Starting in the late 90s, a handful of anime broke through to the mainstream American market, presaging the far greater adoption here we see today. Cowboy Bebop was one of those in the first wave to cross over. It occupied a peculiar place among its contemporaries. On the one hand, it was always the one show I could recommend to people who had never watched an anime before, and expect them to enjoy it. It lacked many of the off-putting stylizations common to anime. On the other hand, it was not without its warts, some of them I found painfully embarrassing precisely because I loved the show so much.
The Netflix adaptation surgically removed many of these warts. The actress playing Faye Valentine wears a perfectly normal outfit, rather than the teenage boy’s fantasy the animated version was stuck with. The stereotypical Native American mystic out of an old western is notably absent. The villain’s cartoonishly edgy name, “Vicious,” is matched with an old code name, “Fearless,” that protagonist Spike Spiegel had when he was part of the same organized crime family, giving it at least an air of plausibility.
The warts are gone, but what is left is not a work that is actually interesting. It is a shame, really. Unlike previous Netflix adaptations, it was clear to me that the show runners on this one were taking the matter seriously, especially when they brought Yoko Kanno, composer of the original’s iconic soundtrack, on board. I do not believe in judging adaptations based on their faithfulness to the original. I try to take it on its own terms, to ask how it comes across if you had never seen what it is adapting. Unfortunately, I think on its own terms, it is largely boring.

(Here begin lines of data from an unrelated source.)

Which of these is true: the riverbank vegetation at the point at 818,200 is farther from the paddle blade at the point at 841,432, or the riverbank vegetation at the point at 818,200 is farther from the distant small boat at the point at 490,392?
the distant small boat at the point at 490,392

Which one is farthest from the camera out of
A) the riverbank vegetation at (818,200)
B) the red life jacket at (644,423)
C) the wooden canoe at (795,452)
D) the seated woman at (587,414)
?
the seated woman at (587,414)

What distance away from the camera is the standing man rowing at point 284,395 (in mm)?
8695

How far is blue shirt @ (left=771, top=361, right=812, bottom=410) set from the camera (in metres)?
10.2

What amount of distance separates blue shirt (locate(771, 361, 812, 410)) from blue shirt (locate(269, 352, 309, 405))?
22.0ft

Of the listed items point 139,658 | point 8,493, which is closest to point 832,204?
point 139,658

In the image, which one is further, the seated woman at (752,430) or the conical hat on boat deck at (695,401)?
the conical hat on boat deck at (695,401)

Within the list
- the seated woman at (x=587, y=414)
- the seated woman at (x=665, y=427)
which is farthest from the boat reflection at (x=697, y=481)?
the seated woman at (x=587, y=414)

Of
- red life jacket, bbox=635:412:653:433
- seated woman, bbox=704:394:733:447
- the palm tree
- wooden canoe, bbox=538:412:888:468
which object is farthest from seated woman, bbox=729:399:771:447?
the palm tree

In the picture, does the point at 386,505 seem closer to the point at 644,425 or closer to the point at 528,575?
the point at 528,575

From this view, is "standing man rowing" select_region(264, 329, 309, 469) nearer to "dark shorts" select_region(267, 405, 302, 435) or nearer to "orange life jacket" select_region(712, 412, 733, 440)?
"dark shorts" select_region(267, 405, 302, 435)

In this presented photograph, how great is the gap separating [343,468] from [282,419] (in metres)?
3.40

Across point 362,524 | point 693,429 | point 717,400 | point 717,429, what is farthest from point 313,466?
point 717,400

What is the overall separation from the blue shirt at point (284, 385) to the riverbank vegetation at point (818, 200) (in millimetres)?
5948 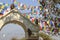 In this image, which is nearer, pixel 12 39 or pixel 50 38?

It is worth comparing the two not because of a failure of the adaptation to be the original all over again, but because the real failures of the adaptation are more apparent when we look to the successes of the original. Vicious is a case in point—indeed, the Americans’ attempt to save Vicious from his fate of appealing to edgy teenagers was in some way the undoing of the whole series.
As a teenager watching Cowboy Bebop for the first time, I yearned for more episodes that focused on the conflict between Spike and Vicious. But as an adult I realized that that plot, the one long thread through the series, was entirely besides the point. The show is not about Spike and his past, it is about the Bebop, and its space faring, bounty hunting crew. Each episode is a chance encounter, a new story, in which these overskilled yet luckless losers inevitably end up back at square one, and unable to squeeze out a single red cent for their efforts. Director Shinichirō Watanabe feeds audiences a horror story in one episode, a comedy in the next, and a horror that ends in a punchline in yet another.

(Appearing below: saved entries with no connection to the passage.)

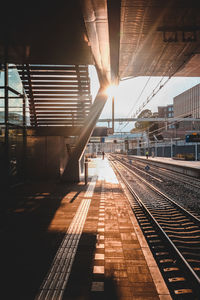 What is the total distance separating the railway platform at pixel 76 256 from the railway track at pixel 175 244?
34 cm

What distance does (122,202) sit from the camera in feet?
20.9

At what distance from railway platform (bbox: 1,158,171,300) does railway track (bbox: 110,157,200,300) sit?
1.12ft

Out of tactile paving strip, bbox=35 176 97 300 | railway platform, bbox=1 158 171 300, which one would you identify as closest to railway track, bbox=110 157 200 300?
railway platform, bbox=1 158 171 300

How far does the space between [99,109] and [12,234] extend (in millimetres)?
7341

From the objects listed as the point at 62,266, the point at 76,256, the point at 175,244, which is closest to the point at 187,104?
the point at 175,244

Each character has a past that has set them adrift, and that past comes through as something flat, something stuck in place. In the American version, Vicious is a perfectly understandable character, a real person that one might meet or read about in history or true crime books. The petty, abusive, arrogant son of a powerful person. His motives are, again, realistic—and utterly uninteresting. The Vicious of the original is this menacing presence who comes occasionally into view only to fade away again. He makes his first appearance as a reactionary, murdering a member of his syndicate who was seeking to make peace with a rival group. His conflict with the leadership is both more interesting and far less explored than in the adaptation.

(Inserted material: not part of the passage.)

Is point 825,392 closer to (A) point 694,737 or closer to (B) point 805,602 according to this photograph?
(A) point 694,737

The adaptation explores the syndicate side of things to death, and worse, it integrates all the episodic plots into an overall storyline. A particular stark contrast was the treatment of the storyline from one of the original’s great horror episodes, “Pierrot Le Fou.” In it, Spike has a chance encounter with a terrifying madman who seems hardly human at all. What is carefully unveiled over the course of the original episode is spelled out all at once in an extremely awkward scene in the adaptation, as Vicious sets the madman free and gives him the mission to assassinate Spike. The elements of chance and mystery are thereby both dispatched in a handful of minutes, and the rambling explanation of the madman’s characteristics is among the most stilted writing in the entire adaptation. All done with the aim of making it fit into the storyline the adaptation was trying to tell, and to fit with the kind of show the adaptation was trying to be.
Because even with all the aggressive aesthetic appropriation, the Netflix adaptation was not trying to be the eccentric noir that the original was. The Netflix adaptation went for fun and campy where the original had a real edge to it. This was well within my expectations; I expected no more than fun and campy, and intended to enjoy it as such. For a little less than half of the adaptation, I was not disappointed. But as the syndicate storyline became all consuming, the episodes became all boring. I’ve seen the typical campy American crime show before; it is not interesting, it is not even especially enjoyable, and not even a new Yoko Kanno soundtrack can save it.
The good news is that Netflix now streams the original. Whether or not you like anime, or even space westerns, odds are you will find something to like about it. It is a bold work of real genius, warts and all.